__Task to carry out__
Without including any images, set down the records below exactly.
---- Exercise data
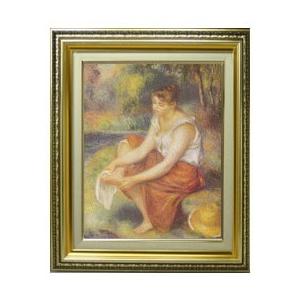 ルノワール　足を拭く少女　Ｆ６　　　絵画　販売　6号　油彩　人物画　554×463mm 　（ルノアール） 送料無料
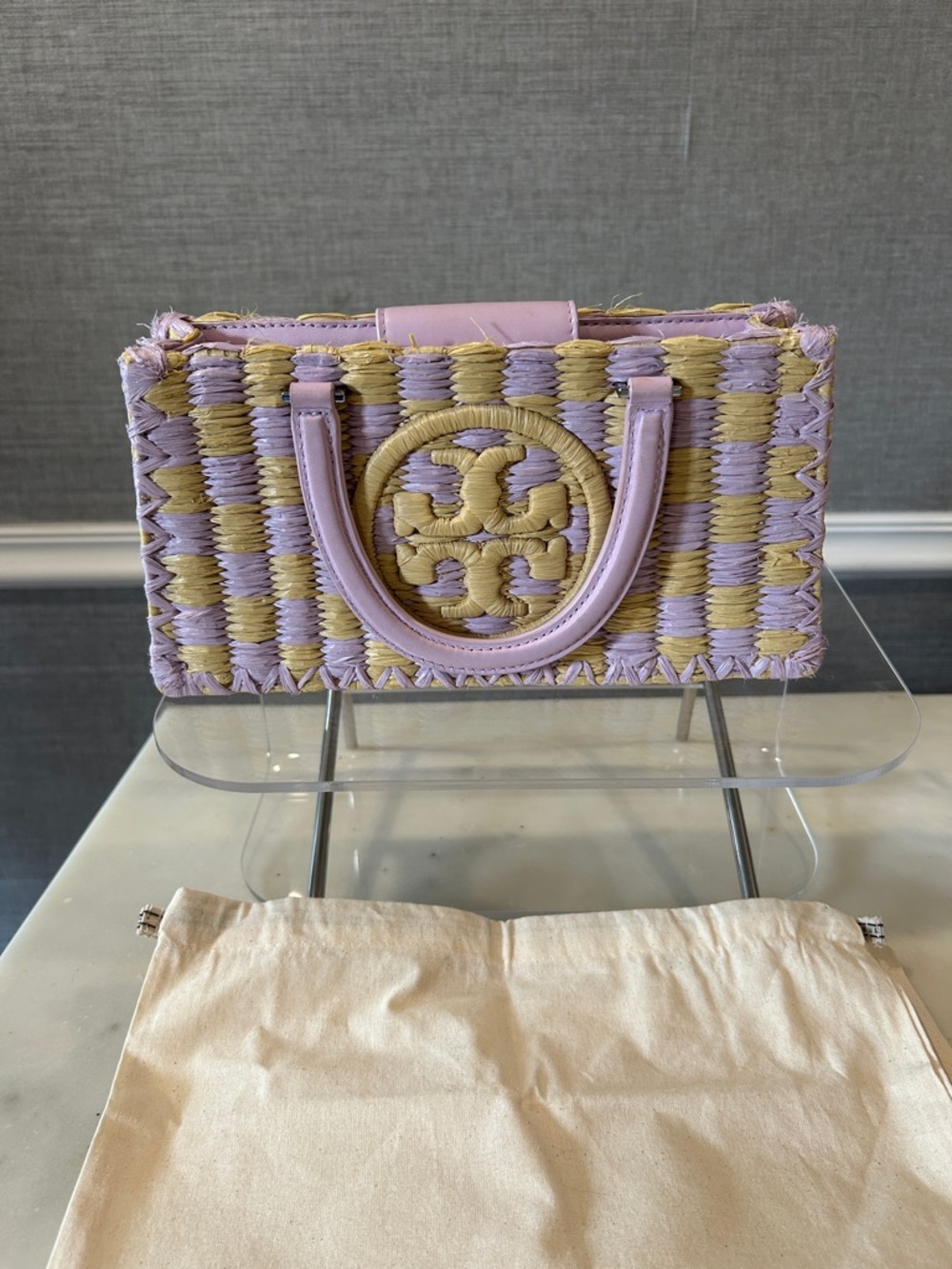 Tory Burch Lavender and Yellow Woven Mini Tote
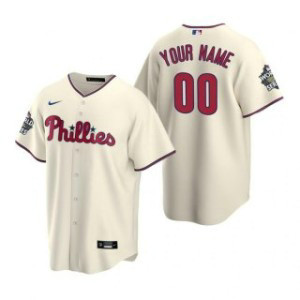 MLB Phillies Customized Cream 2022 World Series Nike Cool Base Men Jersey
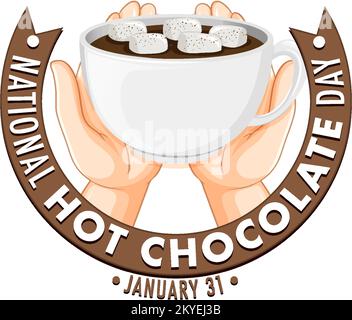 Illustration de la bannière de la Journée nationale du chocolat chaud Illustration de Vecteur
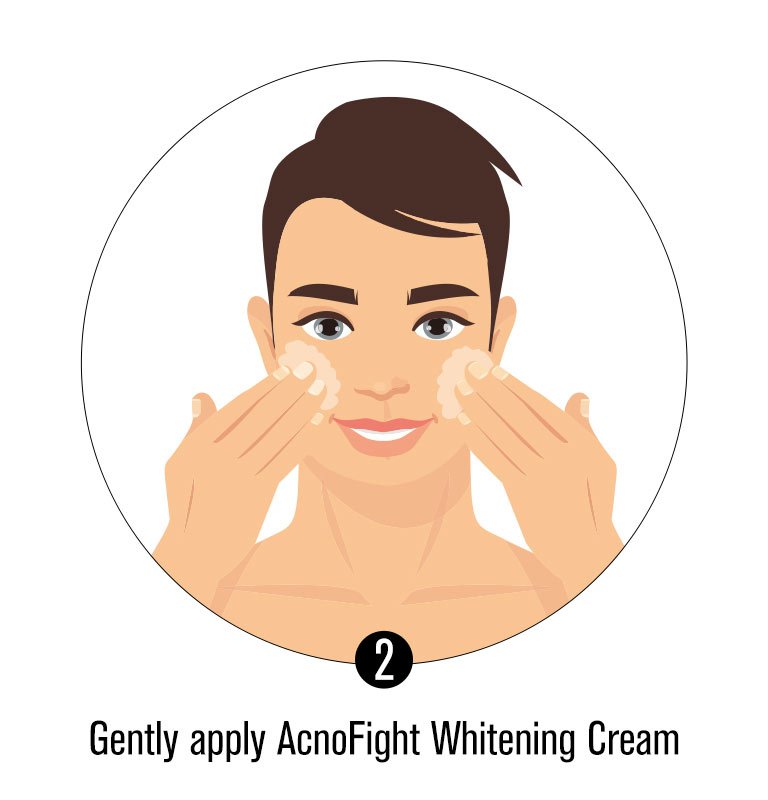 Gently apply AcnoFight Whitening Cream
--------
__Written response__
 ルノワール　足を拭く少女　Ｆ６　　　絵画　販売　6号　油彩　人物画　554×463mm 　（ルノアール） 送料無料
 Tory Burch Lavender and Yellow Woven Mini Tote
 MLB Phillies Customized Cream 2022 World Series Nike Cool Base Men Jersey
 Illustration de la bannière de la Journée nationale du chocolat chaud Illustration de Vecteur
 Gently apply AcnoFight Whitening Cream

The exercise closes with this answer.